I do not understand how curiosity can be a trait so few people have. Curiosity enough to actually learn something, I mean. How is it that I’ve actually been looked at strangely after saying I have a dictionary at home? Do people really make it a habit of simply ignoring words they don’t know? Similarly, what would you do if a child asked you a question about why the sky is blue or what the sun is made of?

I read an article once about parents who, for whatever reason, seem unable to tell their children they don’t know something. What better opportunity is there to not only teach something, but to teach a child how to find out for themselves? Goodness, if there’s a more valuable skill than how to find information, I don’t know what it is. The article quoted a zoo employee who related some of the ridiculous things he overheard parents telling their children in answer to their questions about animals. It makes me sad to hear crap like this.

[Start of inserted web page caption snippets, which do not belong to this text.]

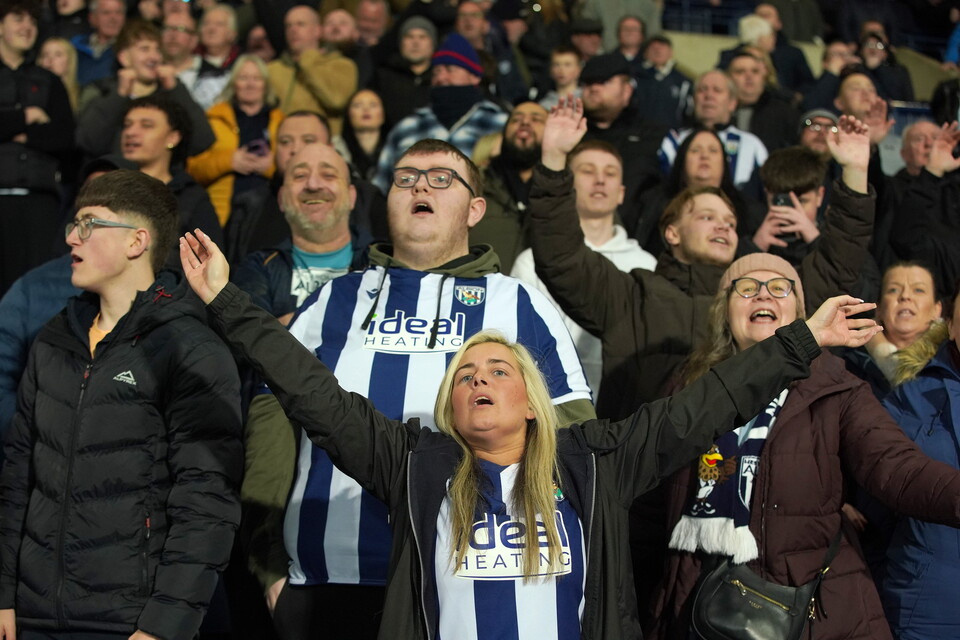 Albion fans celebrate George Campbell's goal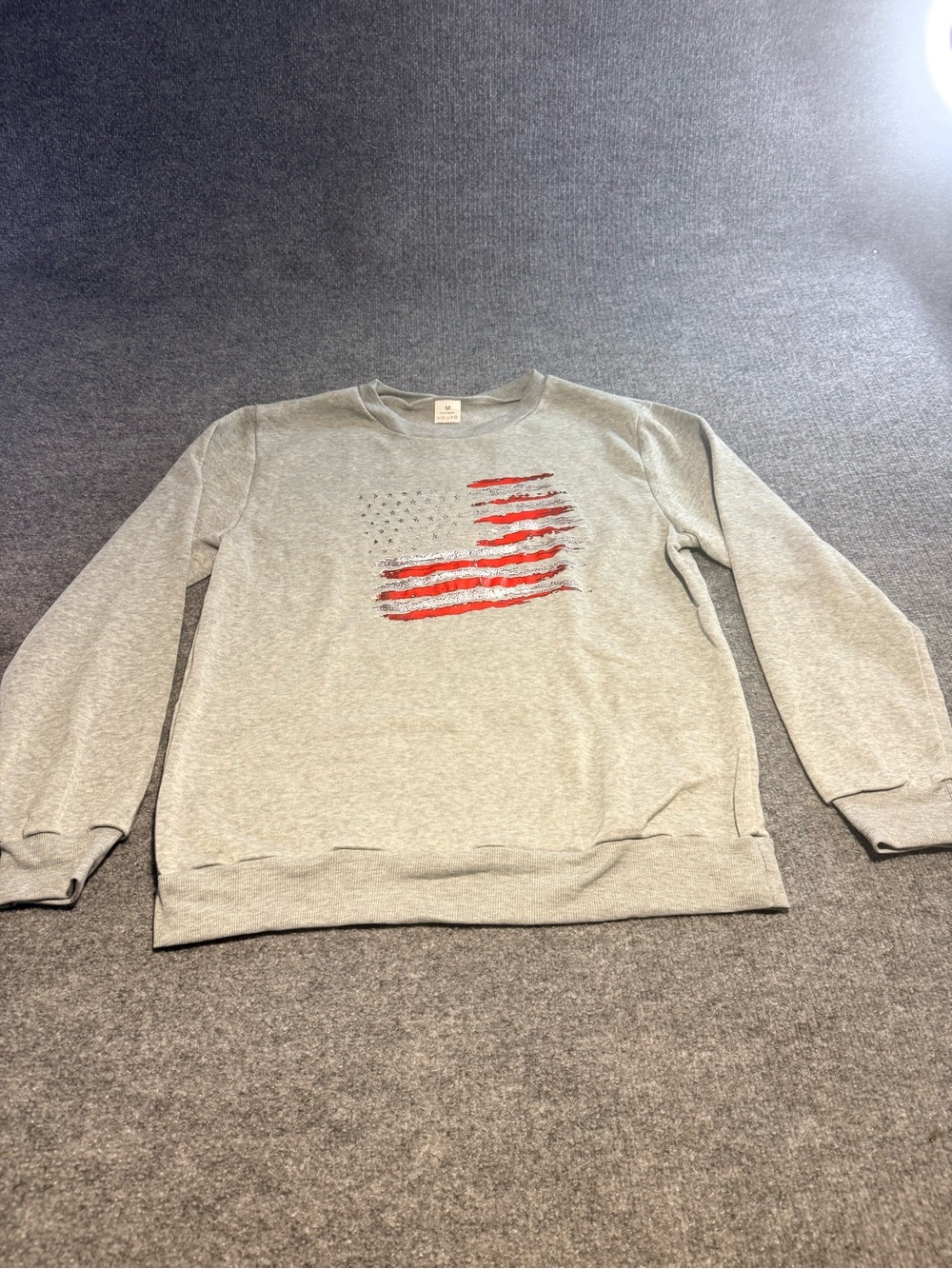 Heather Gray Crewneck Sweater with Distressed Flag Graphic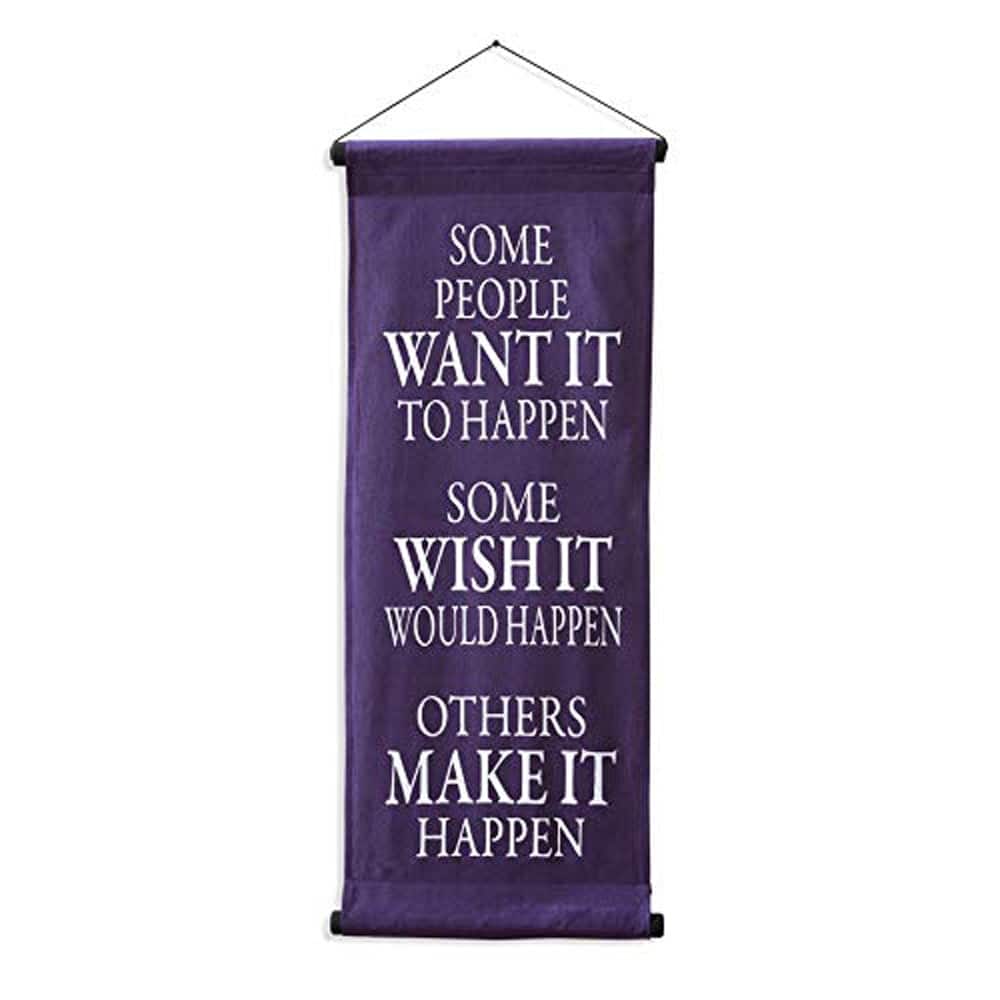 Inspirational Wall Decor Banner, Inspiring Quote Scroll, Motivational Message, Thought Saying Tapestry Want It, Wish It, Make It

It also makes me wonder where these people were when they should’ve been in school. Take Sherri Shepherd, for example. She’s the newest co-host on The View. According to The Daily Backgrounder, they discussed the shape of the Earth on her very first day:

One of the co-hosts of The View, Sherri Shepherd, said she didn’t believe in evolution so co-host Whoopi Goldberg asked her if she believed the world was flat or round. She wasn’t able to answer, using the excuse that she was too busy being a good little housewife to think about complicated things like matters that science settled hundreds of years ago. Amazing.

Partial transcript:

WHOOPI GOLDBERG: Is the world flat?

SHERRI SHEPHERD: Is the world flat? (laughter)


SHEPHERD: …I Don’t know.

GOLDBERG: What do you think?

SHEPHERD: I… I never thought about it, Whoopi. Is the world flat? I never thought about it.

BARBARA WALTERS: You’ve never thought about whether the world was round or flat?

SHEPHERD: I tell you what I’ve thought about. How I’m going to feed my child…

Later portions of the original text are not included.